Determine the intersection, if any, of the planes with equations x + y - z + 12 = 0 and 2x + 4y - 3z + 8 = 0.
I have no clue where to even begin. If someone could help and give me the steps to complete it, that would be greatly appreciated. Do I have to first simplify the equations? of find the normal vector for them? I am really stuck.
done, look back please
To find the intersection of two planes, you need to solve the system of equations formed by their equations. In this case, you have the following equations:
1) x + y - z + 12 = 0
2) 2x + 4y - 3z + 8 = 0
One way to solve this system is by eliminating one variable at a time using substitution or elimination method. Let's use the elimination method:
Step 1: Multiply equation 1 by 2 to make the coefficients of x in both equations equal:
2(x + y - z + 12) = 0
2x + 2y - 2z + 24 = 0
Step 2: Subtract equation 2 from the modified equation 1 to eliminate x:
(2x + 2y - 2z + 24) - (2x + 4y - 3z + 8) = 0
2y - z + 16 = 0
So, you now have a new equation: 2y - z + 16 = 0.

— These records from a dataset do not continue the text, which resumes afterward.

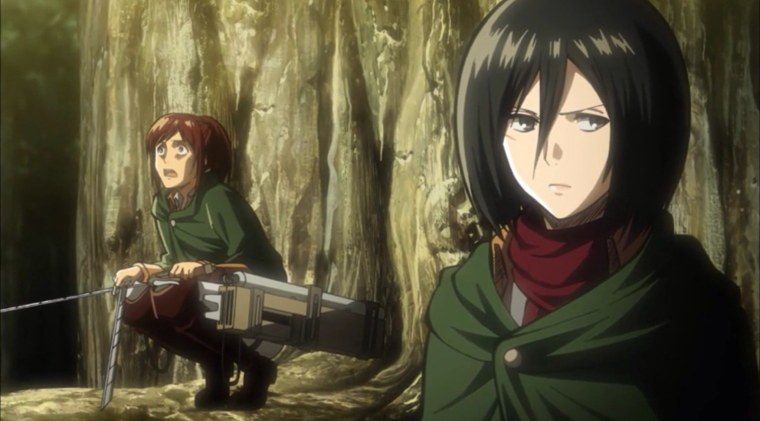 Атака титанов Микаса кадры из аниме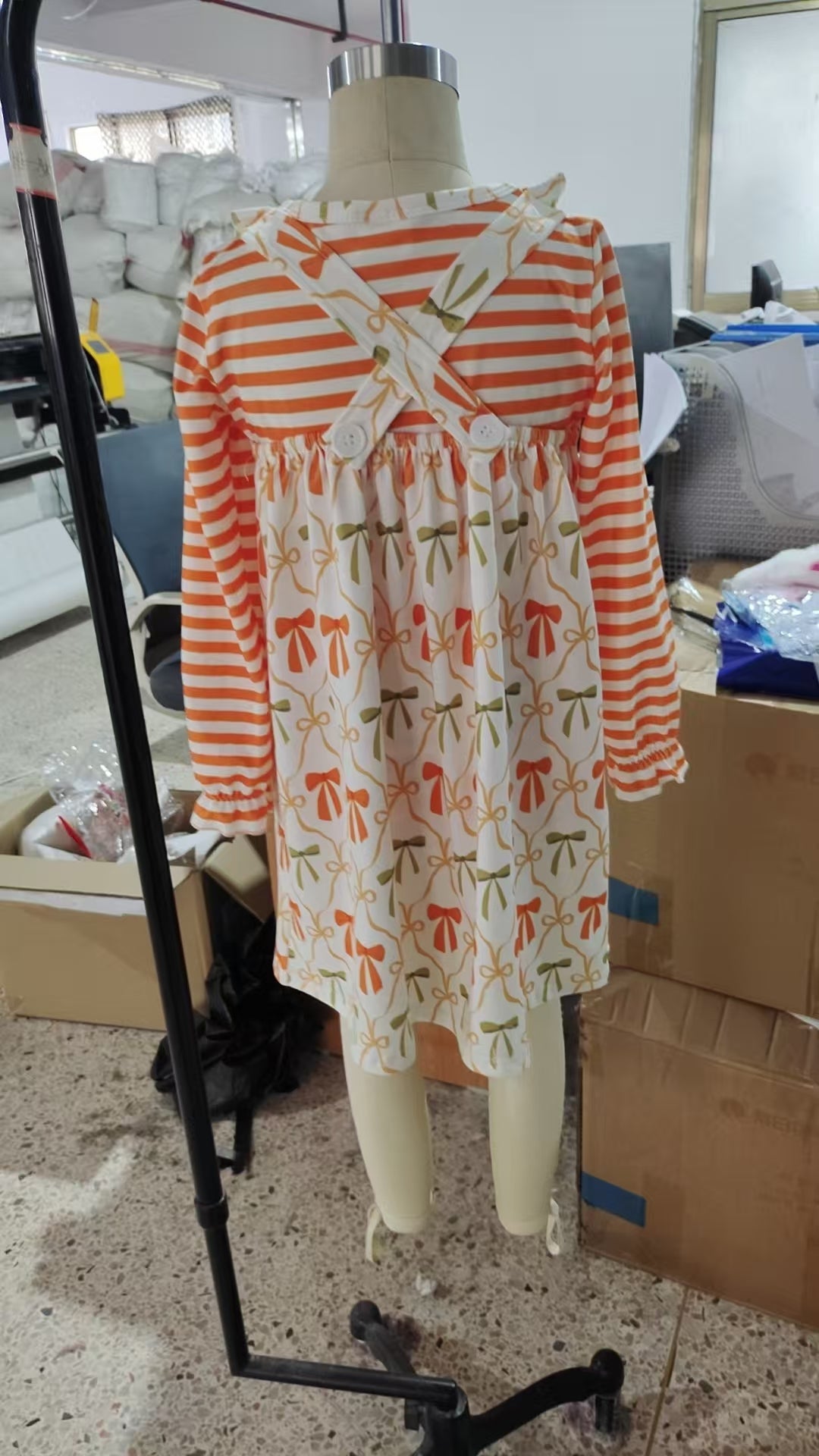 Baby Girls Stripe Bows Top Pockets Knee Length Dresses 2pcs Clothes Sets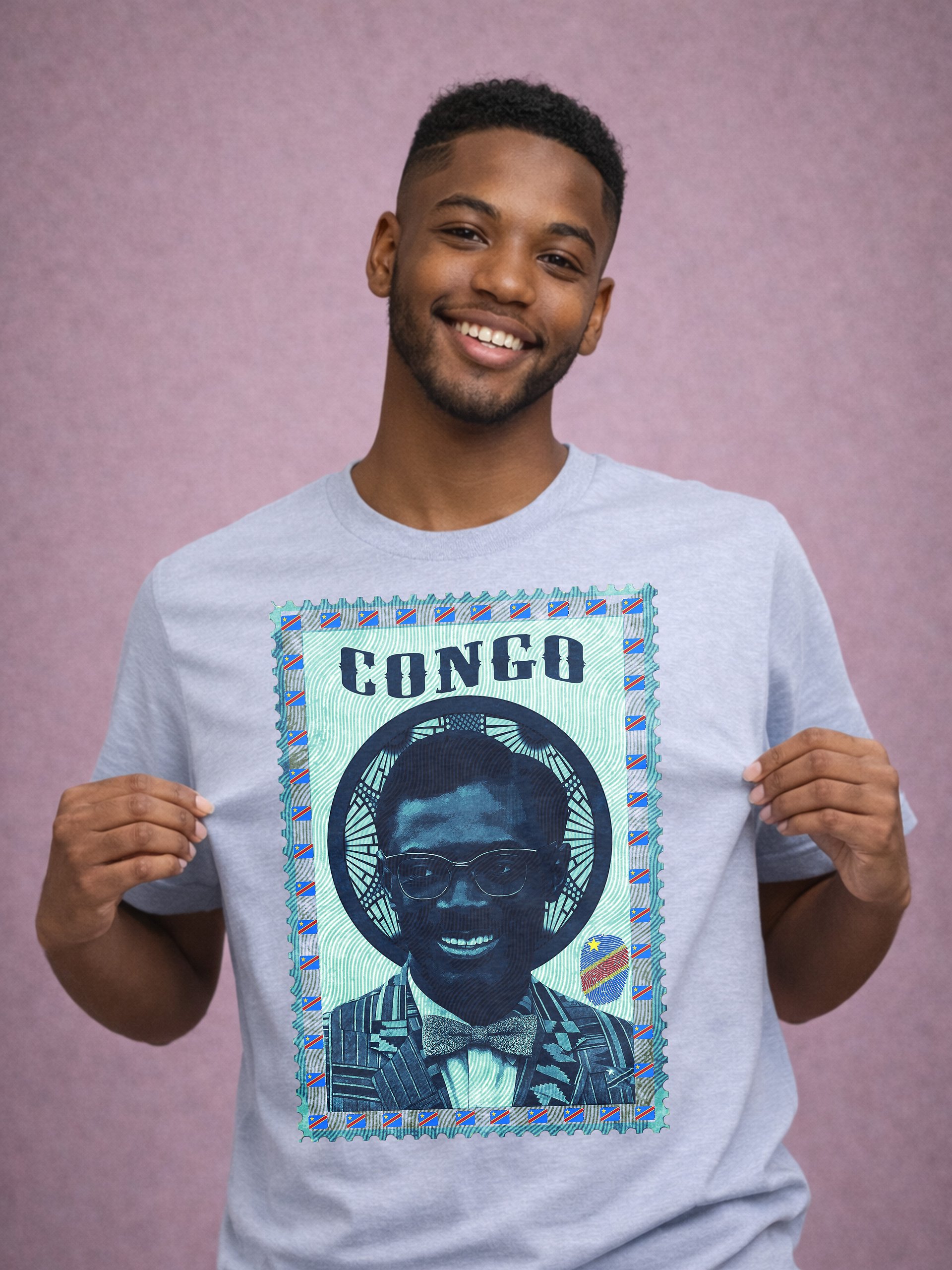 Patrice Lumumba Vintage Postage Stamp T-Shirt | Congo Independence Tee | Pan-African art product image (2)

Step 3: Solve the new equation for one variable. Let's isolate z:
-z = -2y - 16
z = 2y + 16
Now you have z in terms of y.
Step 4: Substitute the expression for z in terms of y into either of the original equations. Let's use equation 1:
x + y - (2y + 16) + 12 = 0
x - y - 4 = 0
So, you now have x in terms of y as well.
The intersection of the planes is the set of points (x, y, z) that satisfy both equations. In other words, it is the set of values of x, y, and z that simultaneously make both equations true.
To summarize, you have obtained the following system of equations representing the intersection of the planes:
x - y - 4 = 0
z = 2y + 16
You can solve this system further if needed to find specific values of x, y, and z that satisfy both equations.